尾張国神明帳には従三位萱津天神とあり、本国帳貞治本には従一位萱津天神との記載がある。
和歌に歌われていたはるか昔には草ノ社・種ノ社・阿波手の社などともいわれていた。
大和民族が沃野を求めて土地を開拓していた頃、田畑を守る農耕の神である鹿屋野比売神を祀る神社であった。
今では萱津神社のある甚目寺町は内陸部であるが大昔は海岸線が広がる海沿いの地域であった。
そんな海沿いの神社に地域で採れたウリやナスやキュウリなどを供えていたところ、お供え物を入れた壺が海水に浸ってしまった。
そうすると保存のきく美味しい漬け物ができたというのが我が国の漬け物の発祥であると言い伝えられている。
そして日本武尊(ヤマトタケルノミコト)が東征の折にこの地を訪れた際に村人が漬け物を献上した。
そのときに日本武尊が発した言葉が『藪に神物(やぶにこうのもの)』といわれている。
その『神物(こうのもの)』が転じて漬け物のことを『香の物』と言うようになったという。
熱田神宮より移築された建物で500年以上の歴史を誇る。ほかにも漬け物の神さまをまつる建物も歴史を感じさせる。
日本武尊がこの地に滞在していたと聞いた妻の宮簀姫が逢いにやってきたが、一足違いで日本武尊は東征へと赴いてしまった。
その後、妻に逢えなかった哀しみを他の者に味わってほしくないとの願いをこめてこの地に榊を植えた。これが後に『連理の榊』と呼ばれるようになった。
そして時代は下り平安時代のはじめ、57代陽成天皇はなかなかお妃が見つからなかった。
それを憂いた朝廷は各地の国司に縁結びにまつわる珍品や特産品を献上させた。
尾張国からはこの連理の榊を元慶元年(877年)2月14日に献上したと『三代実録』に記録されている。
その連理の榊によりお妃を迎え入れ、さらには皇子も誕生したということで連理の榊は縁結びの神として祀られてきた。

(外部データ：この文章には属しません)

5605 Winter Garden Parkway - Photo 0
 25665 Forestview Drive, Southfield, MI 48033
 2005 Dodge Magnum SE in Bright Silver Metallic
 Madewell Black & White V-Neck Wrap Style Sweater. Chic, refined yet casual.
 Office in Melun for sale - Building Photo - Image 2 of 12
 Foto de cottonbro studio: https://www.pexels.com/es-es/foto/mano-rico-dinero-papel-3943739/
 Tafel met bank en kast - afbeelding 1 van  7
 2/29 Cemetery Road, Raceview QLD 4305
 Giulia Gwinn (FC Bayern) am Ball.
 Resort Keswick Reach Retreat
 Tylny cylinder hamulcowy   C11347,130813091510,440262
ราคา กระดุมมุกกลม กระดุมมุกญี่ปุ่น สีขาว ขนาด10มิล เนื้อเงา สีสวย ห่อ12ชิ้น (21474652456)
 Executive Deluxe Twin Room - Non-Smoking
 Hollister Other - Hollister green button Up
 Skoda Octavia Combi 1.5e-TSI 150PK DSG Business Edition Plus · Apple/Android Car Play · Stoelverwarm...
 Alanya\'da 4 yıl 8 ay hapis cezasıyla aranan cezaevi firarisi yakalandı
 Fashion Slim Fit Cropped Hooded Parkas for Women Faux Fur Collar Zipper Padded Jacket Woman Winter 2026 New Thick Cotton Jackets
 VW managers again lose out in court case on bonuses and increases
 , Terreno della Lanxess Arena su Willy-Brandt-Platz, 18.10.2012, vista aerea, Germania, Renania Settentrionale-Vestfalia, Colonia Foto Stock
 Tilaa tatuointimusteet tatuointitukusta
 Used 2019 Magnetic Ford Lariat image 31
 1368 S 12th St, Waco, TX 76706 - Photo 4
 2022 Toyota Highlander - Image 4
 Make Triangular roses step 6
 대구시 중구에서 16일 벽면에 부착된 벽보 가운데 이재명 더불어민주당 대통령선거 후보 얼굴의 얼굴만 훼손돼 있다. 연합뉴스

この故事をしのび現在でも献上する様を祭りとして伝えている。
日本で唯一の漬物の祖神ということで日本各地の漬け物のメーカーが参拝に訪れている。
また、境内奥には昔ながらの茅葺き屋根の祠などもあり歴史を感じることができる。
神社前は鎌倉街道という旧道で南に少し歩けばいくつかの歴史あるお寺も多数ある。
織田信長や豊臣秀吉といった尾張の武将たちもかつては参拝に訪れたであろう古社である。
車は10台ほど停めるスペースが用意されている。
近くには甚目寺観音や日吉神社などもありみどころ満載だ。